Design-pattern decisions recorded

  • Open/Closed at the hashing chokepoint. content_hash_fd is a new symbol; existing content_hash / content_hash_bytes / content_hash_of_inputs were not edited. __all__ grew by exactly one. Tested by test_hashing_all_grew_by_exactly_one_for_content_hash_fd.
  • Functional core / imperative shell. _split_frontmatter and _matches are pure module-level functions taking bytes / sequences; _load_one_skill is the imperative shell composing the pure helpers with os.open / os.read / safe_yaml.load. The Hypothesis property test for AC-11 exercises _matches via the loader without ever touching the filesystem.
  • Tagged-union SkillsLoadError. Pydantic discriminated union over reason Literals — five concrete variants, no Any, no dict[str, ...] smuggling. Round-trip via TypeAdapter asserted (AC-10).
  • Newtype identifiers. applies_to_tasks: list[TaskClassId] and applies_to_languages: list[Language] replace list[str] (ADR-0033 §1). Language newtype added to codegenie.types.identifiers.
  • Literal tier identity over int-keyed dict. Tier = Literal["user", "repo", "org"] + TIERS: Final[tuple[Tier, ...]]zip(TIERS, search_paths) gives mypy-typed tier identity at every iteration.
  • Same-tier collision = cross-tier collision in disguise.
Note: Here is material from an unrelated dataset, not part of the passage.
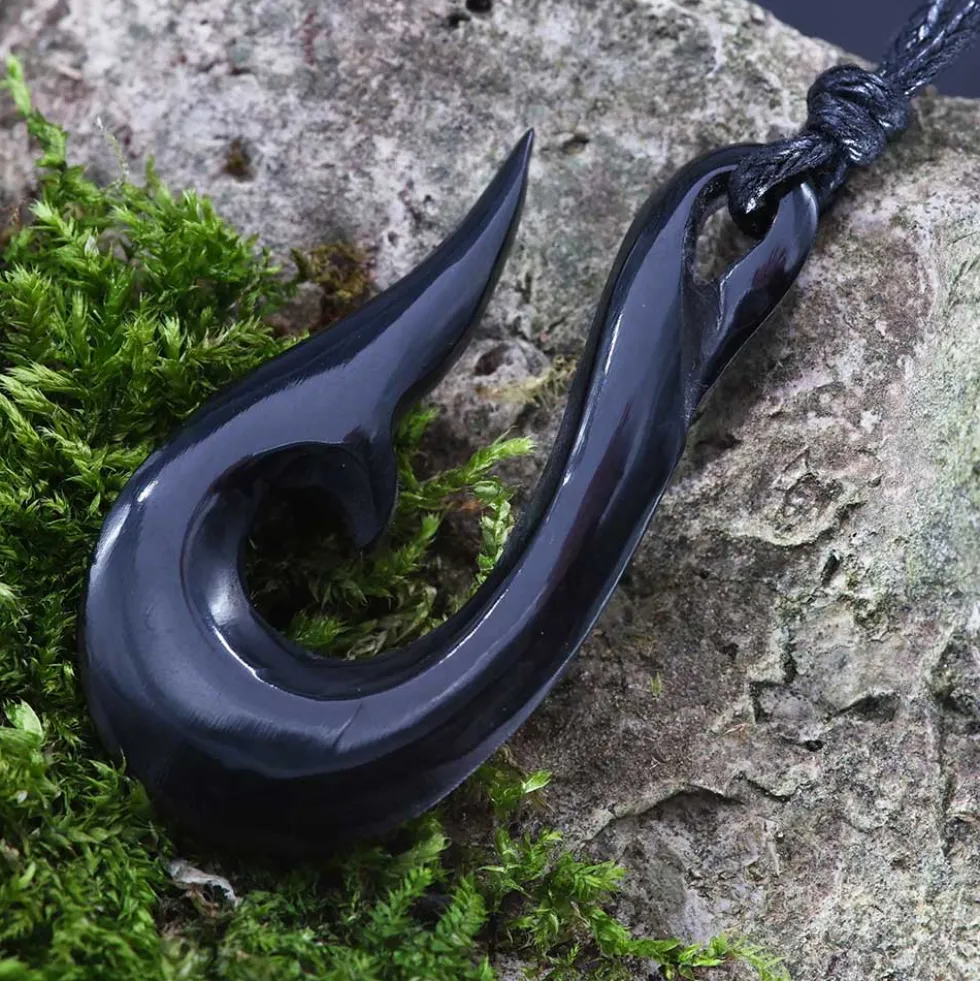 Hei Matau Maori Hornschmuck Anhänger Kette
Same event name, same dispatch logic, same outcome — operators see one skill_shadowed shape regardless of tier-pair. Tested by AC-16.

Lessons (carry forward)

  • L1 — zip(strict=True) is the wrong default when the caller's list length is a variable. When test fixtures and the default factory both produce variable-length search-path lists (1, 2, or 3 tiers depending on what's being asserted), strict-zip turns "user-only fixture" into a runtime error. Truncating-zip with positional tier assignment is the simpler contract; the type system carries the tier identity via Tier: TypeAlias = Literal[...] even when the runtime list is shorter.
  • L2 — Two-stage read-then-scan doubles the memory budget. The original _read_frontmatter_bytes_split_frontmatter split allocated the scan window twice (chunk list + b"".join). Combining into a single streaming scanner that early-exits on the closing fence dropped the peak from 2.1 MB to 1.0 MB on the unterminated-frontmatter fixture and from 2.1 MB to ~150 KB on the normal-frontmatter+100MB-body fixture. Future Phase-2 loaders that scan-then-act should default to the streaming shape unless the input is provably bounded.
  • L3 — Every os.read site needs its own OSError handler. AC-20's directory-as-SKILL.md fixture passes the os.open (macOS allows directory open) but fails at os.read with IsADirectoryError. Loaders that catch only on open leak unhandled exceptions on every read-time errno. The two-layer try/except (open-time and read-time) was free defense once added.